Your job is to set down the listing again exactly as it stands.

- **Listed entries**:
****************

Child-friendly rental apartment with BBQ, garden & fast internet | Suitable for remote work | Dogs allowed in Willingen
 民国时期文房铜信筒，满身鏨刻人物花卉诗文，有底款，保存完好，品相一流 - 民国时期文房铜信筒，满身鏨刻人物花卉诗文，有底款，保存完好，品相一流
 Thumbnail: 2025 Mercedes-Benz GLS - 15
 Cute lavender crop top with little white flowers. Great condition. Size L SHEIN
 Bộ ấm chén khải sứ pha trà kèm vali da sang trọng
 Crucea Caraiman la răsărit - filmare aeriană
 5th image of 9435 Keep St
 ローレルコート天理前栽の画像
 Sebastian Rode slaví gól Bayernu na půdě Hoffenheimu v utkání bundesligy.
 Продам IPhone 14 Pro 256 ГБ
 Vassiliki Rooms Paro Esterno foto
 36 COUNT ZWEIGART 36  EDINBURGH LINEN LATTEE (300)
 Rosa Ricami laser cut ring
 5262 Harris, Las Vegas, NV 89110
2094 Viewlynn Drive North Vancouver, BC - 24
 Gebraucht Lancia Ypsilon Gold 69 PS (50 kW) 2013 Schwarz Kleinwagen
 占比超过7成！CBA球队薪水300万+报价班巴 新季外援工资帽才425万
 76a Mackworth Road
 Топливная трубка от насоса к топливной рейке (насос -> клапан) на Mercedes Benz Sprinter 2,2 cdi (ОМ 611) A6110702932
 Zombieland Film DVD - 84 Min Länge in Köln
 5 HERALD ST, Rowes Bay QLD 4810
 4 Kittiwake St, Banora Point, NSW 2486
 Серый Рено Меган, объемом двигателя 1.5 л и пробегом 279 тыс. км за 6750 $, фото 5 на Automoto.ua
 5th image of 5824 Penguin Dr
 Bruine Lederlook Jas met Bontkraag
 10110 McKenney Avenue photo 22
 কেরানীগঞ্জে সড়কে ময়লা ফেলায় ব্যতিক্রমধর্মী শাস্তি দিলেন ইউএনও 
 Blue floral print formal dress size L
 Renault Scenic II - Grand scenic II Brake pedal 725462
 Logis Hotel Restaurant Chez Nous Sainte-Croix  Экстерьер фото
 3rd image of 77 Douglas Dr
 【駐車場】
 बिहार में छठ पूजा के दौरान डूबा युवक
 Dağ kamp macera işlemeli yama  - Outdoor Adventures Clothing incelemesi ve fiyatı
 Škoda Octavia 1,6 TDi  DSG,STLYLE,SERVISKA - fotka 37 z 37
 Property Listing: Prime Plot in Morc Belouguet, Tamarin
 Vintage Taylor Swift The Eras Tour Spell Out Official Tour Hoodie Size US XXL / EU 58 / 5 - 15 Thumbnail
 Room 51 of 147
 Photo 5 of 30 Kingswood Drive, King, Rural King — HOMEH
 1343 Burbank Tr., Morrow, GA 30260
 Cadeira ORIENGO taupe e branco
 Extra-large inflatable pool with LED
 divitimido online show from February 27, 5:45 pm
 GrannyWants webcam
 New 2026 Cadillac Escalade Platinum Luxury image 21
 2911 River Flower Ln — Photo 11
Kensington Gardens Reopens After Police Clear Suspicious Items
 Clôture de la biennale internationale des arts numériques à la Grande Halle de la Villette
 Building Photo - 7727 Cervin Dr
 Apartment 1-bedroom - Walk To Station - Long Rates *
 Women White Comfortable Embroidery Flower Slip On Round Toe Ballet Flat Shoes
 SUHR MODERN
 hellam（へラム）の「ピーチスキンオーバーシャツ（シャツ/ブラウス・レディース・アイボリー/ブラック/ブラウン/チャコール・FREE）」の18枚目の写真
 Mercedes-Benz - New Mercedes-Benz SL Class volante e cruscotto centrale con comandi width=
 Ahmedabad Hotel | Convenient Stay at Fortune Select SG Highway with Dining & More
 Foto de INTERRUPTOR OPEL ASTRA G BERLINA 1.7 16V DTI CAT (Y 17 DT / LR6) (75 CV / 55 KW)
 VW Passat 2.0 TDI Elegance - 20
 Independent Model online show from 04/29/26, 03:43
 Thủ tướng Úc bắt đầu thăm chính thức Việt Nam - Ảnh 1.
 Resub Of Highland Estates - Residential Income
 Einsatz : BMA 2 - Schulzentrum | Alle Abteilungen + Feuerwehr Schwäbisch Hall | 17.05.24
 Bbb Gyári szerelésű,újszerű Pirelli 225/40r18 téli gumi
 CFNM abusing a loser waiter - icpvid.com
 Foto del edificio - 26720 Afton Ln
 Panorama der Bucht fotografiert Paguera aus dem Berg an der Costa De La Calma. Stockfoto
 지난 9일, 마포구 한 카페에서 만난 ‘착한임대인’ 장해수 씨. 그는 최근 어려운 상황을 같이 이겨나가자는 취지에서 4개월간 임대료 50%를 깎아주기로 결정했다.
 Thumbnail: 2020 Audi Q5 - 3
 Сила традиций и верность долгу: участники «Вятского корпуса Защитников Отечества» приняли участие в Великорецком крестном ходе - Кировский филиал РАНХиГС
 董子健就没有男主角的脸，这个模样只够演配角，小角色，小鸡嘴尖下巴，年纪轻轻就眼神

****************

- **Solution to this task**:
Child-friendly rental apartment with BBQ, garden & fast internet | Suitable for remote work | Dogs allowed in Willingen
 民国时期文房铜信筒，满身鏨刻人物花卉诗文，有底款，保存完好，品相一流 - 民国时期文房铜信筒，满身鏨刻人物花卉诗文，有底款，保存完好，品相一流
 Thumbnail: 2025 Mercedes-Benz GLS - 15
 Cute lavender crop top with little white flowers. Great condition. Size L SHEIN
 Bộ ấm chén khải sứ pha trà kèm vali da sang trọng
 Crucea Caraiman la răsărit - filmare aeriană
 5th image of 9435 Keep St
 ローレルコート天理前栽の画像
 Sebastian Rode slaví gól Bayernu na půdě Hoffenheimu v utkání bundesligy.
 Продам IPhone 14 Pro 256 ГБ
 Vassiliki Rooms Paro Esterno foto
 36 COUNT ZWEIGART 36  EDINBURGH LINEN LATTEE (300)
 Rosa Ricami laser cut ring
 5262 Harris, Las Vegas, NV 89110
2094 Viewlynn Drive North Vancouver, BC - 24
 Gebraucht Lancia Ypsilon Gold 69 PS (50 kW) 2013 Schwarz Kleinwagen
 占比超过7成！CBA球队薪水300万+报价班巴 新季外援工资帽才425万
 76a Mackworth Road
 Топливная трубка от насоса к топливной рейке (насос -> клапан) на Mercedes Benz Sprinter 2,2 cdi (ОМ 611) A6110702932
 Zombieland Film DVD - 84 Min Länge in Köln
 5 HERALD ST, Rowes Bay QLD 4810
 4 Kittiwake St, Banora Point, NSW 2486
 Серый Рено Меган, объемом двигателя 1.5 л и пробегом 279 тыс. км за 6750 $, фото 5 на Automoto.ua
 5th image of 5824 Penguin Dr
 Bruine Lederlook Jas met Bontkraag
 10110 McKenney Avenue photo 22
 কেরানীগঞ্জে সড়কে ময়লা ফেলায় ব্যতিক্রমধর্মী শাস্তি দিলেন ইউএনও 
 Blue floral print formal dress size L
 Renault Scenic II - Grand scenic II Brake pedal 725462
 Logis Hotel Restaurant Chez Nous Sainte-Croix  Экстерьер фото
 3rd image of 77 Douglas Dr
 【駐車場】
 बिहार में छठ पूजा के दौरान डूबा युवक
 Dağ kamp macera işlemeli yama  - Outdoor Adventures Clothing incelemesi ve fiyatı
 Škoda Octavia 1,6 TDi  DSG,STLYLE,SERVISKA - fotka 37 z 37
 Property Listing: Prime Plot in Morc Belouguet, Tamarin
 Vintage Taylor Swift The Eras Tour Spell Out Official Tour Hoodie Size US XXL / EU 58 / 5 - 15 Thumbnail
 Room 51 of 147
 Photo 5 of 30 Kingswood Drive, King, Rural King — HOMEH
 1343 Burbank Tr., Morrow, GA 30260
 Cadeira ORIENGO taupe e branco
 Extra-large inflatable pool with LED
 divitimido online show from February 27, 5:45 pm
 GrannyWants webcam
 New 2026 Cadillac Escalade Platinum Luxury image 21
 2911 River Flower Ln — Photo 11
Kensington Gardens Reopens After Police Clear Suspicious Items
 Clôture de la biennale internationale des arts numériques à la Grande Halle de la Villette
 Building Photo - 7727 Cervin Dr
 Apartment 1-bedroom - Walk To Station - Long Rates *
 Women White Comfortable Embroidery Flower Slip On Round Toe Ballet Flat Shoes
 SUHR MODERN
 hellam（へラム）の「ピーチスキンオーバーシャツ（シャツ/ブラウス・レディース・アイボリー/ブラック/ブラウン/チャコール・FREE）」の18枚目の写真
 Mercedes-Benz - New Mercedes-Benz SL Class volante e cruscotto centrale con comandi width=
 Ahmedabad Hotel | Convenient Stay at Fortune Select SG Highway with Dining & More
 Foto de INTERRUPTOR OPEL ASTRA G BERLINA 1.7 16V DTI CAT (Y 17 DT / LR6) (75 CV / 55 KW)
 VW Passat 2.0 TDI Elegance - 20
 Independent Model online show from 04/29/26, 03:43
 Thủ tướng Úc bắt đầu thăm chính thức Việt Nam - Ảnh 1.
 Resub Of Highland Estates - Residential Income
 Einsatz : BMA 2 - Schulzentrum | Alle Abteilungen + Feuerwehr Schwäbisch Hall | 17.05.24
 Bbb Gyári szerelésű,újszerű Pirelli 225/40r18 téli gumi
 CFNM abusing a loser waiter - icpvid.com
 Foto del edificio - 26720 Afton Ln
 Panorama der Bucht fotografiert Paguera aus dem Berg an der Costa De La Calma. Stockfoto
 지난 9일, 마포구 한 카페에서 만난 ‘착한임대인’ 장해수 씨. 그는 최근 어려운 상황을 같이 이겨나가자는 취지에서 4개월간 임대료 50%를 깎아주기로 결정했다.
 Thumbnail: 2020 Audi Q5 - 3
 Сила традиций и верность долгу: участники «Вятского корпуса Защитников Отечества» приняли участие в Великорецком крестном ходе - Кировский филиал РАНХиГС
 董子健就没有男主角的脸，这个模样只够演配角，小角色，小鸡嘴尖下巴，年纪轻轻就眼神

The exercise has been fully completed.